Democracy and human rights is one of Sida's priority areas. Per Nordlund, Sida's Lead Policy Specialist for democracy and human rights, talks about how Sida works to counter the backlashes that the world has seen over the past decade.

our fields of work

Democracy, human rights and freedom of expression

Updated: 15 December 2014

Poverty is not just about lack of food, water or a roof over your head. Being poor also implies suffering from lack of power and choice. Democracy, human rights and gender equality are therefore overall targets for all of Sweden’s development assistance efforts.

Fair treatment, freedom from discrimination on the basis of gender, sexual preference, age, disability or ethnic background and the ability to affect your own life as well as the society in which you live are basic human and democratic rights that are immensely important in combating poverty.

These rights are by far not fulfilled for millions of people. The overall target for Sweden’s development cooperation is to contribute to improved living conditions for people living under oppression and in poverty. Democracy and human rights including freedom of speech are therefore areas where Sweden is investing most.

All our democracy and human rights work has its origins in the Universal Declaration of Human Rights that the UN member states signed more than 60 years ago, and which has later been supplemented with several important conventions. The starting point is that human rights are universal, indivisible and interdependent.

Providing support in these areas is met with some controversy, mainly due to the fact that it involves sharing power in the society, so that women and men living in poverty have a greater say. Sida is therefore working with these issues in many different ways and together with several stakeholders – governments in partner countries, international organisations such as the UN and the World Bank and with popular movements and other civil organisations in Sweden and the partner countries.

Defenders of human rights often live dangerously because they criticise government policies and actions. They are the victims of death threats, kidnappings and arbitrary detentions – and physical attacks including sexual violence, torture and murder. Their public and private lives are heavily controlled and monitored. Actively supporting the struggle against violence and oppression is an important part of Sida's work for democracy and respect of human rights.

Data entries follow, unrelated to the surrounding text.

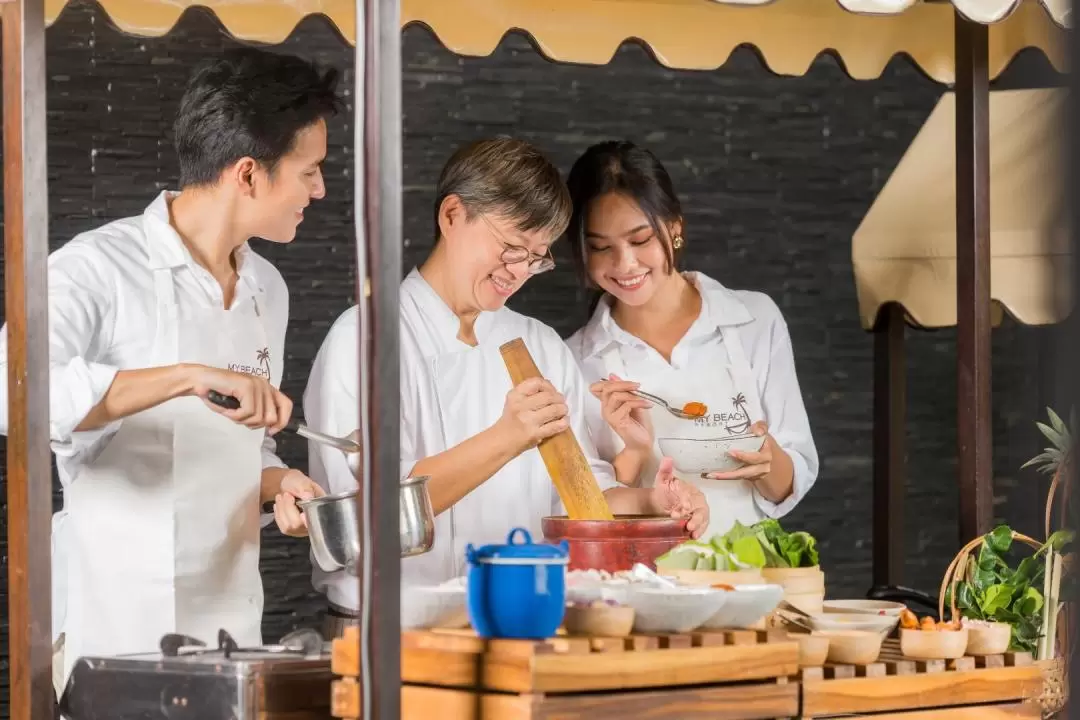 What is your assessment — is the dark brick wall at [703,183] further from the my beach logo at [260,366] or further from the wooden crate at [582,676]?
the wooden crate at [582,676]

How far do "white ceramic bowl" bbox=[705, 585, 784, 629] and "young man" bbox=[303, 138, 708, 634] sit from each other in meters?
0.80

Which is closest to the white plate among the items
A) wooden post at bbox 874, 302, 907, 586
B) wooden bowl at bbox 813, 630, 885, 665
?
wooden bowl at bbox 813, 630, 885, 665

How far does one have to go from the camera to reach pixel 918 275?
4.61 metres

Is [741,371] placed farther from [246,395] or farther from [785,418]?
[246,395]

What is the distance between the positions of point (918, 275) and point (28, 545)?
10.0ft

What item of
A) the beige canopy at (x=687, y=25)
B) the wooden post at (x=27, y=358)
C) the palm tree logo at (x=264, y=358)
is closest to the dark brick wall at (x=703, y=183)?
the beige canopy at (x=687, y=25)

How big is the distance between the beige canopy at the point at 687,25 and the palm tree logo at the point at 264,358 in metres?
0.78

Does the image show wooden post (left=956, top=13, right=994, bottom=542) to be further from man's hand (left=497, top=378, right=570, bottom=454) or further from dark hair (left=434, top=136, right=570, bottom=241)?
man's hand (left=497, top=378, right=570, bottom=454)

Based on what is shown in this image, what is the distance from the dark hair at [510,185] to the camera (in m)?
3.33

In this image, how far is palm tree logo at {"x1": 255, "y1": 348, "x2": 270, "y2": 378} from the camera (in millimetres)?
3371

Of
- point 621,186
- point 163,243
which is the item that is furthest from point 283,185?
point 621,186

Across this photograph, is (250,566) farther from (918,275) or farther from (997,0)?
(918,275)

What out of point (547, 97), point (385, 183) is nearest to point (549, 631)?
point (385, 183)

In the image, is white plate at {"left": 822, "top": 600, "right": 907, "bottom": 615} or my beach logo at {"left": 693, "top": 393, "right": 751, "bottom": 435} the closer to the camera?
white plate at {"left": 822, "top": 600, "right": 907, "bottom": 615} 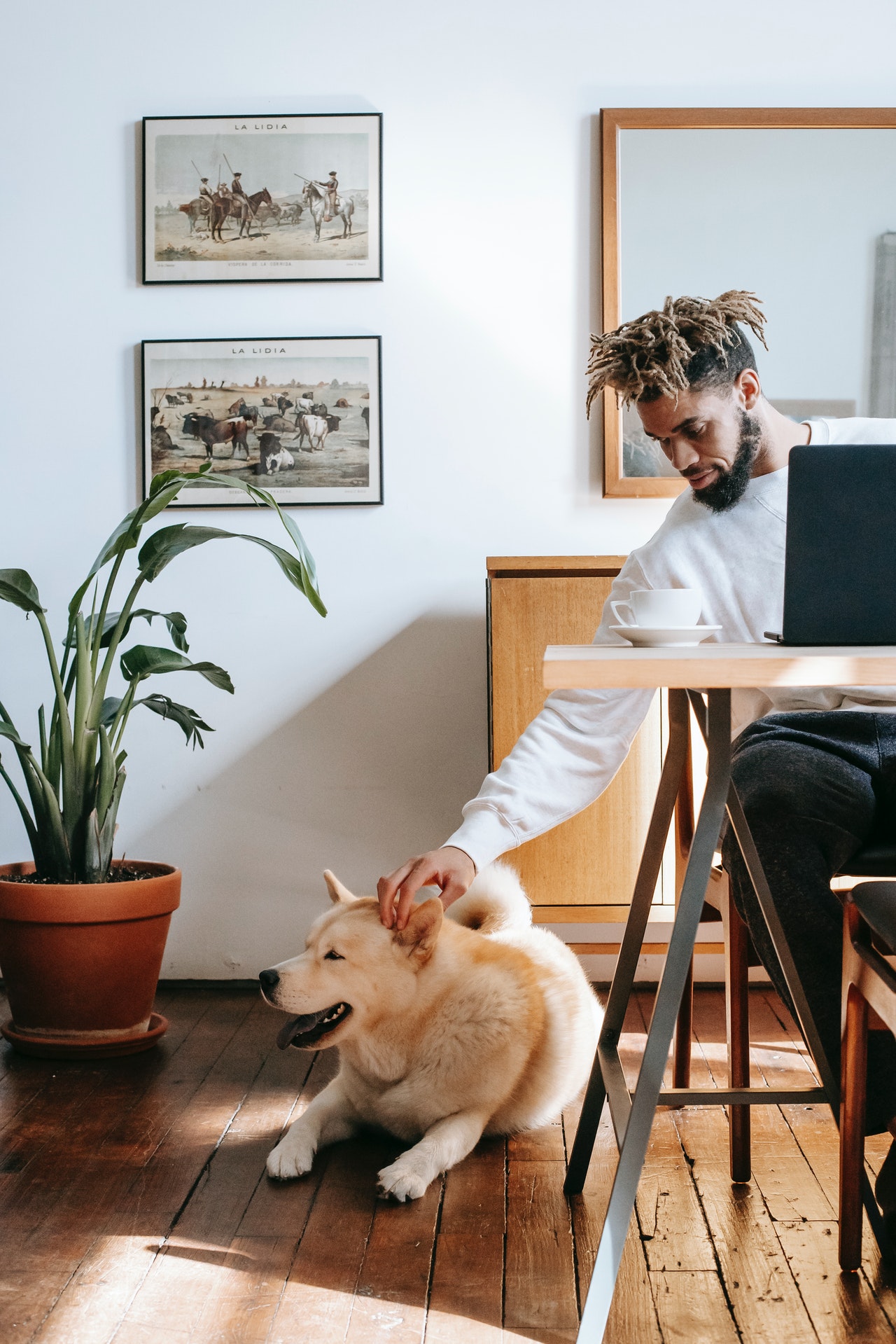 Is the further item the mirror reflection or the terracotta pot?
the mirror reflection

Mainstreaming the rights’ perspective

The rights’ perspective and poor people’s view of their situation should pervade all development assistance efforts. This is about making people more aware of their rights and about creating better conditions for states to live up to their commitments towards their citizens.

Sweden’s support for democracy and human rights

  • Democracy, human rights and public administration constitute the largest areas of our development assistance.
  • In 2013, more than SEK 5,4 billion went to direct efforts for democracy, human rights and public administration, which make up 29 per cent of Sida’s total development cooperation.
  • Since 2009, Sida has a special grant for democracy and freedom of speech targeting non-democratic countries, and with special focus on organisations and groups working for democracy and freedom of speech.
  • The grant is governed by the Swedish Results Strategy for specific interventions on human rights and democratisation 2014-2017.